My friend Baba running a planning session in Northern Ghana--the "Africa" I know |
I hate giving bad news about Africa.
But Cablegate being Cablegate, there's stuff I'm learning about it.
Ghana, the country I once called home, is in the Cables today--for drug smuggling operations, of all things. Apparently a UK-taxpayer funded anti-cocaine trafficking campaign is corrupt as hell, to the point that the Ghanaian Narcotics Control Board told traffickers when to travel to avoid detection, sabotaged drug scanners, and channelled folks suspected of carrying drugs (including their wives, pastors and bank managers) through VIP areas to avoid screening.
Apparently they've found packs of drugs taped to the bottom of seats on KLM flights (which sucks, because I loved my KLM trip)--and drug seizures drop to almost nothing when the UK side of the joint task force goes home.
Even President Atta Mills, who had fighting the trafficking problem in his election platform, had thoughts that his entourage were smuggling coke. The US Embassy sums it up thusly:
"The government of Ghana does not provide the resources necessary to address the problem and, at times, does not appear to have the political will to go after the major drug barons."
from the Guardian, taken in Accra |
Ghana's directly in the middle of the route, runs the most international traffic, and has an influx of new wealth from oil and investment that can mask and scale up drug operations revenue. And apparently, Ghana's already failed to use intelligence given to them to intercept a cocaine boat from South America in 2007.
Meanwhile, in the rest of West Africa, Sierra Leone is suspected of massive marijuana farming, to the point of the "cash crop" becoming detrimental to subsistence farming. Guinea's first lady's entourage is suspected to have protected a trafficker who moved 750kg of coke into Sierra Leone, who asked the US help in extraditing him.

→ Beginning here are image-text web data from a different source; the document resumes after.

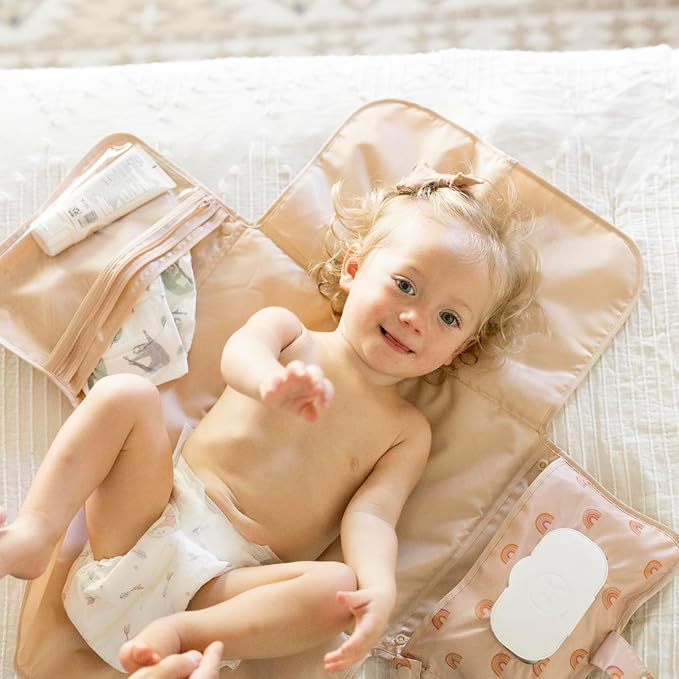 Tiny Twinkle Portable Diaper Changing Pad | Waterproof, Wipeable & Compact Baby Changing Pad for Travel | Smart Wipes Pocket & Organized Storage| Newborn Shower Gift (Boho Rainbow)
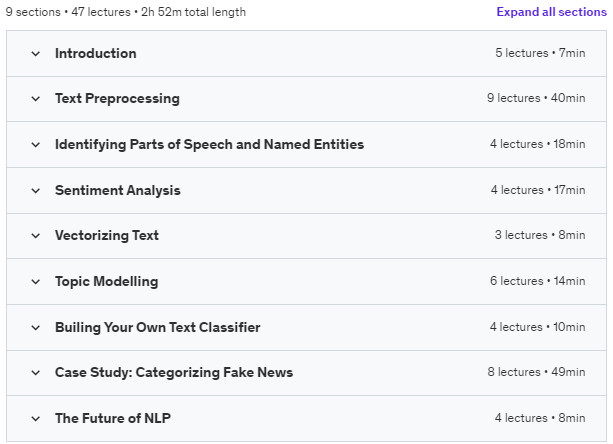 Course topics · Udemy — Intro to Natural Language Processing in Python for AI 2023-9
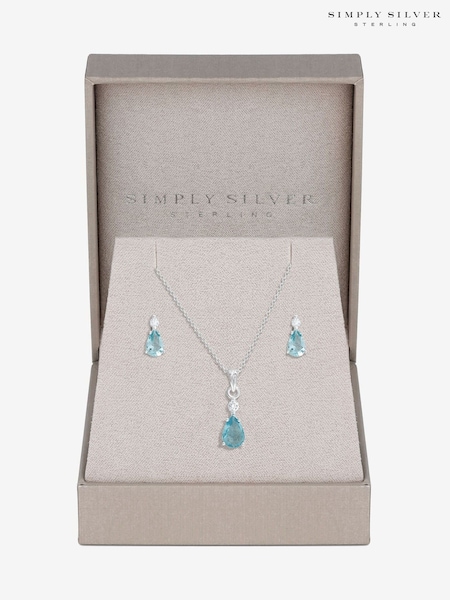 Simply Silver 925 Cubic Zirconia och Aqua Drop Set - Gift Boxed (F38730) | kr630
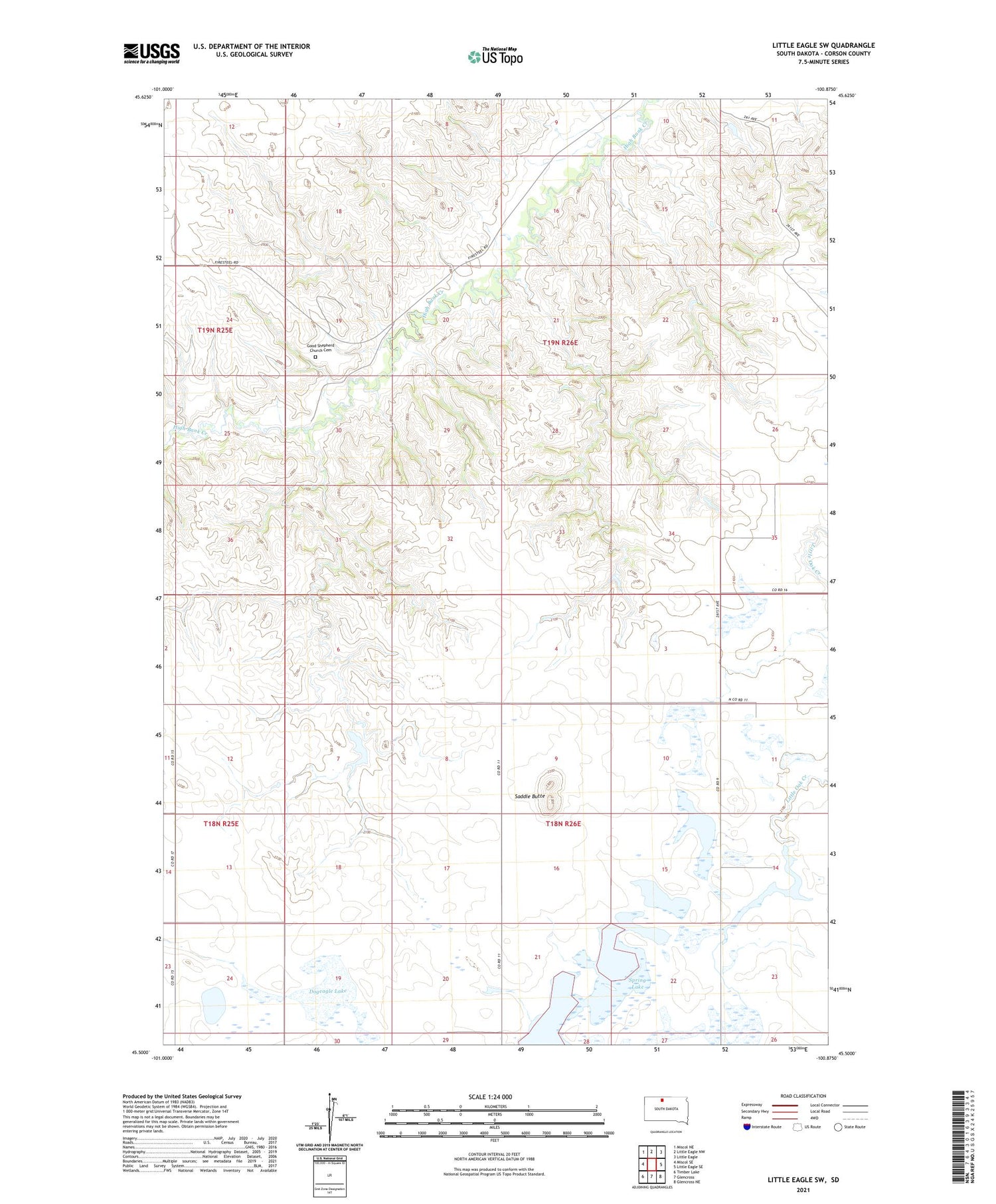 Little Eagle SW South Dakota US Topo Map Image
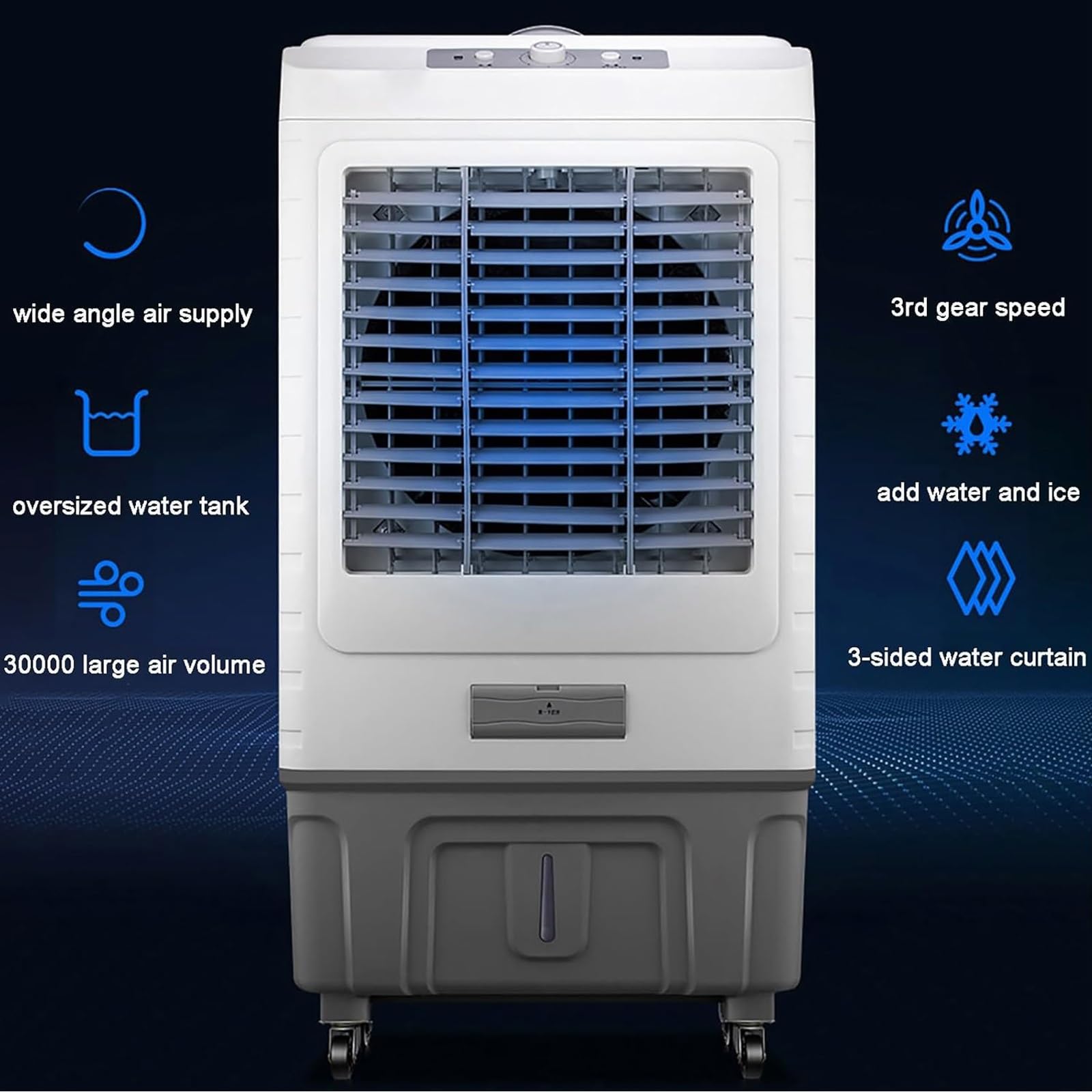 Raffrescatore Evaporativo Industriale con 4 Ruote Universali, Oscillazione a 120°, 3 Velocità, per Casa, Garage e Terrazze All'aperto(50x37x85cm)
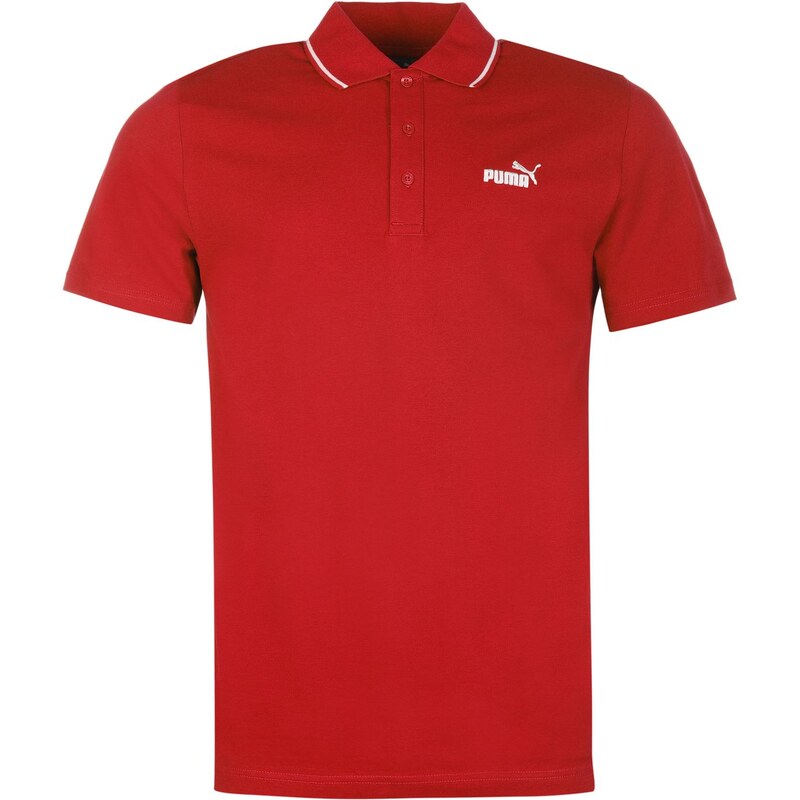 Puma No 1 Logo Pique Polo Shirt Mens Red/White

And back at that Malian plane crash, civil servants and the drug task force in place were prevented from investigating the site of the crash by the Secret Service for three weeks, and drug trafficking between rival Malian Tuaregs and Arabs is turning into a powder-keg for armed conflict.
When my host brother Goodman got frustrated with the system, he used to say "Africa, my Africa" and shake his head with a smile.